Atom-Abkommen: Russland zu Zugeständnissen bereit

von Redaktion

Moskau kommt den USA entgegen und will die Zahl seiner nuklearen Sprengköpfe nun doch für ein Jahr „einfrieren“

Washington/Moskau – Russland hat sich bereit erklärt, die Zahl seiner Atomsprengköpfe für ein Jahr nicht zu erhöhen, wenn die USA mit ihrem Atomwaffenarsenal genauso verfahren. Moskau schlage die Verlängerung des New-Start-Abkommens zur atomaren Abrüstung um ein Jahr vor und sei dafür bereit, diese Verpflichtung einzugehen, erklärte das Außenministerium gestern. New Start ist das letzte verbliebene nukleare Abrüstungsabkommen zwischen den USA und Russland und läuft nach jetzigem Stand am 5. Februar 2021 aus.

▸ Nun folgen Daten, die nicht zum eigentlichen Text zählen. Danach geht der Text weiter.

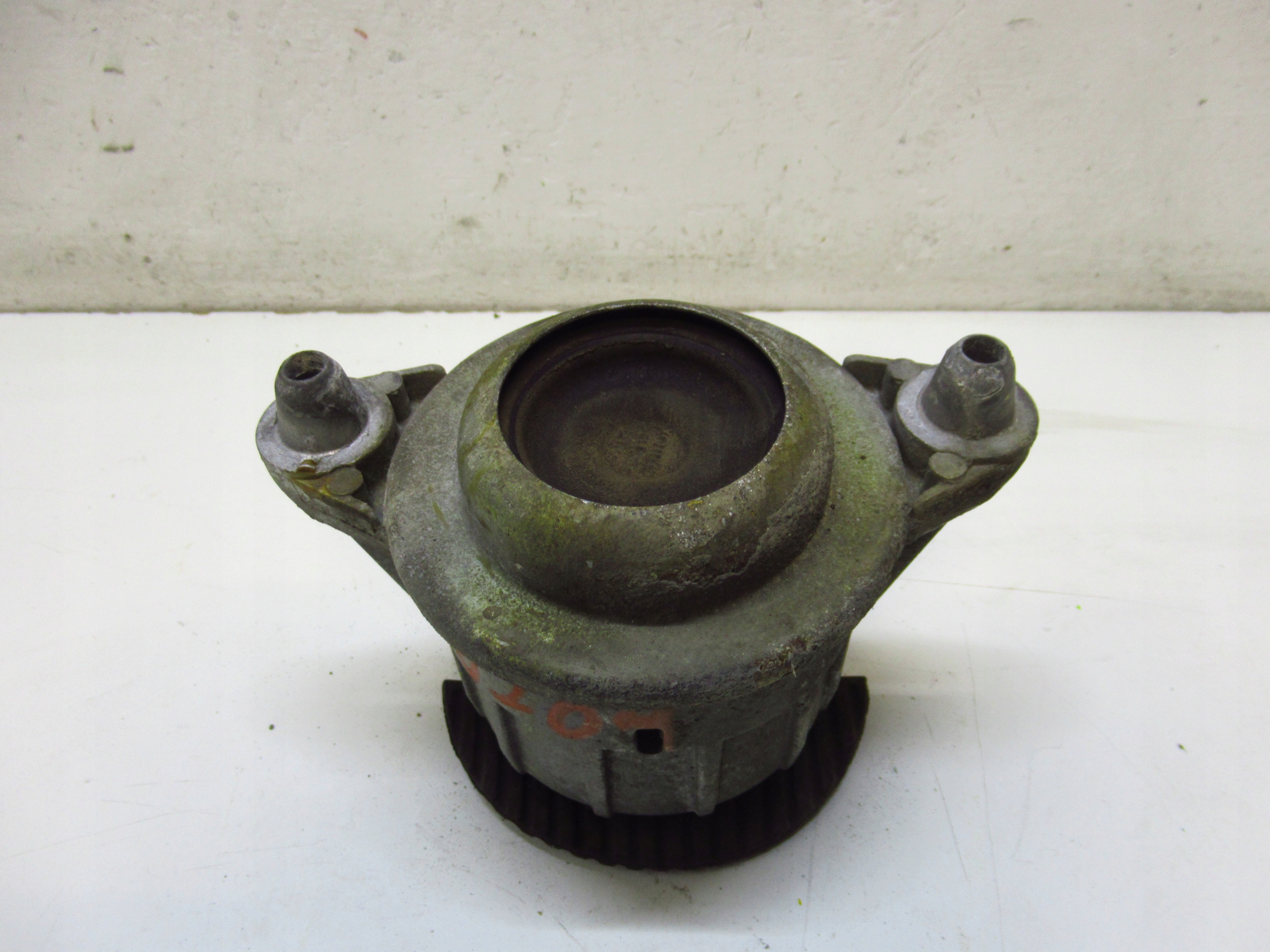 MERCEDES W204 1.8 engine mount A2072400017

Mit der Bereitschaft, seine Atomsprengköpfe ein Jahr lang ruhen zu lassen, vollzieht die Regierung in Moskau weniger als zwei Wochen vor der US-Präsidentschaftswahl eine Wende. Erst vor rund einer Woche hatte Moskau eine entsprechende Forderung der USA als „inakzeptabel“ abgelehnt.

Am vergangenen Freitag warb Russlands Staatschef Wladimir Putin erneut für eine einjährige Verlängerung des New-Start-Abkommens „ohne Vorbedingungen“. Es sei „außerordentlich bedauerlich“, wenn der Vertrag ersatzlos auslaufe. Der nationale Sicherheitsberater von US-Präsident Donald Trump, Robert O’Brien, bekräftigte daraufhin die Forderung Washingtons nach einem beiderseitigen „Einfrieren“ der Arsenale als Vorbedingung für eine Verlängerung des Abkommens.

Das Außenministerium in Moskau erklärte nun, ein Einfrieren seiner Atomsprengköpfe sei nur möglich, wenn die USA auf „weitere Forderungen“ verzichteten. Zugleich betonte das Ministerium, dass eine einjährige Verlängerung des Abkommens umfassende Verhandlungen über eine Fortsetzung der Vereinbarungen in den kommenden Jahren ermöglichen würde.

Beide Länder besitzen zusammen rund 90 Prozent der weltweiten Atomwaffen. Russland möchte eine Verlängerung des Vertrags, hatte zuletzt aber kaum noch Chancen dafür gesehen – auch wegen der anstehenden US-Präsidentenwahl.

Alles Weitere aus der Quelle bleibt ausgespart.